By all accounts, Vladimir Putin anticipated an easy war – the sort he might actually have got had he decided to go all the way in 2014, rather than confining himself to Crimea and the Donbass.
Instead, his woefully under-prepared armed forces have met ferocious resistance from the Ukrainians. Whilst the most likely outcome of a prolonged conventional war is still a Russian victory, however pyrrhic, some Western analysts are actually starting to suggest that Ukraine might actually win.
This is an optimistic assessment, but even as such it still implies a terrible price. For Putin’s complacent assumptions – paratroopers at the airport in Kiev, roll in the Rosgvardiya to pacify protesters – at least involved a minimalist approach to the conflict. Forced on to the back foot, he has proven just as willing to unleash indiscriminate bombing on European cities as on Syrian ones.
In response, western politicians and commentators are talking about prosecuting the Russian president and his soldiers for war crimes. But this poses a challenge when it comes to thinking about how this war might realistically end.
Even in the ideal Western scenario – an actual collapse of the Russian military operating in the Ukraine, precipitating the overthrow of Putin – we aren’t going to see Ukrainian or allied tanks rolling into Red Square.
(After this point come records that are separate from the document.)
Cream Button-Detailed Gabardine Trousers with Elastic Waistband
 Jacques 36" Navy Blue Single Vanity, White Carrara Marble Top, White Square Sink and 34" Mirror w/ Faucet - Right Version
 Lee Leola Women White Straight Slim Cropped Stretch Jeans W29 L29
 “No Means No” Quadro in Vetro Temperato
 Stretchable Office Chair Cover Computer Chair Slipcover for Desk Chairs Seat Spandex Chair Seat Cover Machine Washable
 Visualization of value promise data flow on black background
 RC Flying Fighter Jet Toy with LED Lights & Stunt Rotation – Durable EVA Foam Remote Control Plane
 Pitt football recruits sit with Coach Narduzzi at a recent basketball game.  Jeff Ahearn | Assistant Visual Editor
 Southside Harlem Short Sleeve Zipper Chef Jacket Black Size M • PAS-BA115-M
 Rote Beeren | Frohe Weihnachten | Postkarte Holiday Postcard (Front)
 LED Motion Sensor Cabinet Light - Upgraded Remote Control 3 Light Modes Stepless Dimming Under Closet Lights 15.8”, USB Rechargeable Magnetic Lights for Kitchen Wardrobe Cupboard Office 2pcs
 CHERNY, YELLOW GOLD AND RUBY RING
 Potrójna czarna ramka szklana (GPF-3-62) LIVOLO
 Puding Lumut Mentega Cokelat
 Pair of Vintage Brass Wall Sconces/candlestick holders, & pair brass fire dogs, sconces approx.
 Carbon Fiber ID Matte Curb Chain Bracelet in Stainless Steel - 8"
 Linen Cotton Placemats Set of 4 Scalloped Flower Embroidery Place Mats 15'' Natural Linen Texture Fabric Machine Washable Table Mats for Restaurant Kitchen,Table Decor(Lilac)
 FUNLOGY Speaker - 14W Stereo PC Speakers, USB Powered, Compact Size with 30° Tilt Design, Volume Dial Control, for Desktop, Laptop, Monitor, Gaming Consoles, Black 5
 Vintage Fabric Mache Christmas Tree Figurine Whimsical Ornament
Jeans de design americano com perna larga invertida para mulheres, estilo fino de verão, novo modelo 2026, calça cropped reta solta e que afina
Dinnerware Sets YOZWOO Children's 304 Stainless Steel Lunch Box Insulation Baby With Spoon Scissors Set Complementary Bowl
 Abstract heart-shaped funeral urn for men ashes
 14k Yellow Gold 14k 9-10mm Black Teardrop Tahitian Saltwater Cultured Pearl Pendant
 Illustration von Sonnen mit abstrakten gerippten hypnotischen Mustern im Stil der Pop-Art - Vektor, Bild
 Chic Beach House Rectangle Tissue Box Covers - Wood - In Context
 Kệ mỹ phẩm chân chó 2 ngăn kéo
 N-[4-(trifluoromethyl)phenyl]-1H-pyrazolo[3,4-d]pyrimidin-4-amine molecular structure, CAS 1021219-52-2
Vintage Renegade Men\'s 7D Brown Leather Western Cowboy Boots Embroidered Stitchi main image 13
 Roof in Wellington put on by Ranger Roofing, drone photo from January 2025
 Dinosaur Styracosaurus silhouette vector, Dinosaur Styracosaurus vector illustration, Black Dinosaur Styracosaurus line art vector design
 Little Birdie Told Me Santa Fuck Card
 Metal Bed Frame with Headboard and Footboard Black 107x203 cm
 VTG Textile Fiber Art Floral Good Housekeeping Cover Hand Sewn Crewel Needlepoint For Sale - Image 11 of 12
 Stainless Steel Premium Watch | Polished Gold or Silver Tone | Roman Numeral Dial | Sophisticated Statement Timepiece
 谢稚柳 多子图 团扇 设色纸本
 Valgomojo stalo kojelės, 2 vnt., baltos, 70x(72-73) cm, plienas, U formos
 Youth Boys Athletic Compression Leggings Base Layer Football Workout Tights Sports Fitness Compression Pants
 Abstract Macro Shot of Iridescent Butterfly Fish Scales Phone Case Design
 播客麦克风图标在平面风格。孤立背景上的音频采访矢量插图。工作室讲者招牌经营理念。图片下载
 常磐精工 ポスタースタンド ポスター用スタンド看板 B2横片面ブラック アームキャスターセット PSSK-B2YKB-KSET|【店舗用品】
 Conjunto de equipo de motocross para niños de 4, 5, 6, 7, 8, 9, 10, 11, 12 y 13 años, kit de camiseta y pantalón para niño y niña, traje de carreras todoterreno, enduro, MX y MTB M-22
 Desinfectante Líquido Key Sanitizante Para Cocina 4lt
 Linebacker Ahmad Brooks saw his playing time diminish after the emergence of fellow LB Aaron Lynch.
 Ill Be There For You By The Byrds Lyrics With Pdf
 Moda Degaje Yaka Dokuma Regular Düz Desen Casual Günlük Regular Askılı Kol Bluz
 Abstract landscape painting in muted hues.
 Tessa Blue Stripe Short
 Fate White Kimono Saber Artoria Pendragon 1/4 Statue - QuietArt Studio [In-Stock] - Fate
Putting the Nazis on trial required the complete conquest of Germany; that is simply not on the cards here.
That means that a path to peace likely involves creating an incentive for people currently involved in the regime, and therefore implicated in its crimes, to seek peace. This most obviously means a clear path towards easing sanctions in the event of Russian withdrawal, but it might also mean offering some sort of pass to individuals whom Western governments would much rather see at the Hague.
Otherwise, they risk lashing the elite of the Russian regime – who are the only people with any realistic prospect of changing it – even more tightly to Putin, even at a truly ruinous cost to the broader Russian nation and especially to Ukraine.
The prospect of making such compromises is gross; we are talking about people who negotiated a ‘civilian corridor’ and then, according to the International Red Cross, mined it. But whilst defeating the Russian army in the field would obviate much of the need, from here it still seems an unlikely prospect. If it doesn’t happen, the price of ending an ugly war might be an ugly peace.